Sur le marché, on trouve principalement des contrats spécifiques dépendance (54 % des garanties dépendance) offrant des garanties viagères avec une prime moyenne élevée mais également des garanties dépendance annuelles incluses dans d’autres contrats dont notamment des contrats santé (23 %).
Face à ce constat, le Comité appelle à travailler à une solution plus large de financement de la dépendance par d’autres moyens, à travers notamment la mise en œuvre d’un contrat d’assurance dépendance solidaire.
Une assurance dépendance obligatoire et universelle
Afin d’apporter une réponse durable et efficace aux difficultés rencontrées par les familles dans le cadre de la prise en charge de la dépendance totale, le Comité consultatif du secteur financier recommande la mise en œuvre d’un contrat dépendance obligatoire.
Ce contrat reposerait sur la mutualisation la plus large pour en limiter le coût pour les personnes assurées, et sur un système de supervision confié à une instance collégiale réunissant les partenaires sociaux, les associations, l’État et les professionnels.
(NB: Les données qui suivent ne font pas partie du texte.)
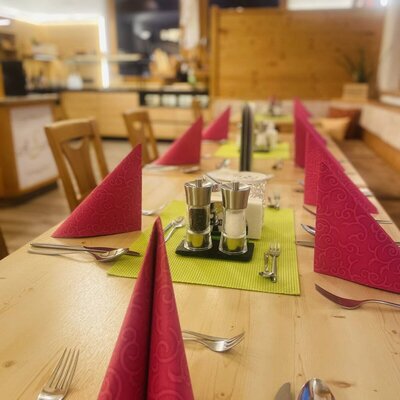The dining area of the farmhouse, featuring a long wooden table set with red napkins and cutlery, and a buffet in the background.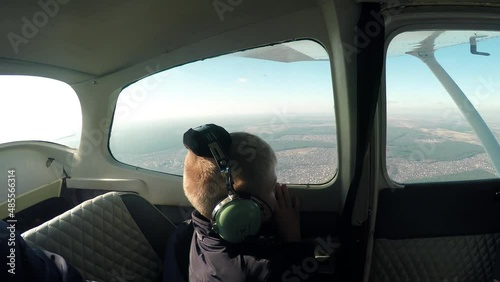 Flying in a small light plane. A man father with a boy child in the cabin of light small aircraft airplane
Ce dispositif devra intégrer les obligations qui pourront être éventuellement formulées par l’Autorité de la Concurrence, repose sur 3 piliers :
- Le Contrat dépendance solidaire présenterait les caractéristiques suivantes :
- Un contrat d’assurance obligatoire, adossé automatiquement aux contrats complémentaire santé responsables individuels et collectifs. Cet adossement automatique permettrait une prise en charge immédiate des personnes totalement dépendantes sans période de carence,
- Les mêmes garanties pour tous et une grille tarifaire unique : ce contrat dépendance obligatoire assurerait le service d’une rente en cas de dépendance totale (GIR 1 et GIR 2) et ce, quel que soit l’âge de l’assuré et dès la première année de souscription,
- Une mise en œuvre simplifiée : la mise en œuvre de la garantie dépendance proposée serait déterminée en fonction des critères objectifs de la grille AGGIR : dès lors que l’assuré reçoit l’APA au titre d’un GIR 1 ou 2,
- Des tarifs transparents et à la portée de tous : l’âge de démarrage de paiement des cotisations tel qu’il sera défini dans le dispositif final déterminera le niveau de la cotisation : plus la mutualisation est large, plus la cotisation est limitée,
- Le pilotage du risque dépendance propre à garantir la pérennité du système : le pool d’assureurs serait le porteur du risque a priori par le biais d’un mécanisme de coassurance. Le pool verserait les rentes et effectuerait le pilotage de long terme du risque en coordination notamment avec les pouvoirs publics : partage des statistiques, suivi, évolution de la grille AGGIR…
- Une gouvernance collégiale en charge de la mise en œuvre et de la supervision de ce contrat : le Comité recommande que la mise en œuvre et la supervision du Contrat Dépendance Solidaire soient confiées à une instance collégiale regroupant les partenaires sociaux, des représentant d’associations, des représentants de l’État et des professionnels de l’assurance ;
- Un pool d’organismes assureurs, opérateurs industriels, assurant la bonne exécution de l’ensemble du dispositif.
Cette publication du CCSF pourrait marquer un tournant, dans un contexte où des réflexions sur le financement de la perte d’autonomie devraient s'ouvrir dans le cadre d'une future loi de programmation sur le grand âge.